Regiofair mit Ressourcen

Das abgeschlossene PRE Regiofair, die Vermarktungsplattform für Bioprodukte aus der ganzen Zentralschweiz, hat mit der Stiftung Agrovision Rückenwind und andere Möglichkeiten als vergleichbare Projekte. Regiofair habe sich in den letzten sechs Jahren wie jedes Unternehmen weiterentwickelt, berichtet Geschäftsführer Urs Fanger. Betriebswirtschaftliche Kennzahlen werden derzeit nicht kommuniziert. «Wir haben viel in Strukturen und Prozesse und in ein neues Management investiert», so Fanger weiter.

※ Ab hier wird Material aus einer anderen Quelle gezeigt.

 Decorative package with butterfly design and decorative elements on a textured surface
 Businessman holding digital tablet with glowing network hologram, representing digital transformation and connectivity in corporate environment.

Die Pionierphase prägte damals der umtriebige Andi Lieberherr. Vision und Grundphilosophie haben weiterhin Gültigkeit, versichert Fanger. Die Zentralschweizer Biovereine sind nach wie vor die wichtigsten Partner. 50 Betriebe beliefern die Plattform. Regiofair, Agrovision Burgrain und das Schweizerische Agrarmuseum Burgrain rücken mit dem Neubau (die BauernZeitung hat darüber berichtet) noch näher zusammen.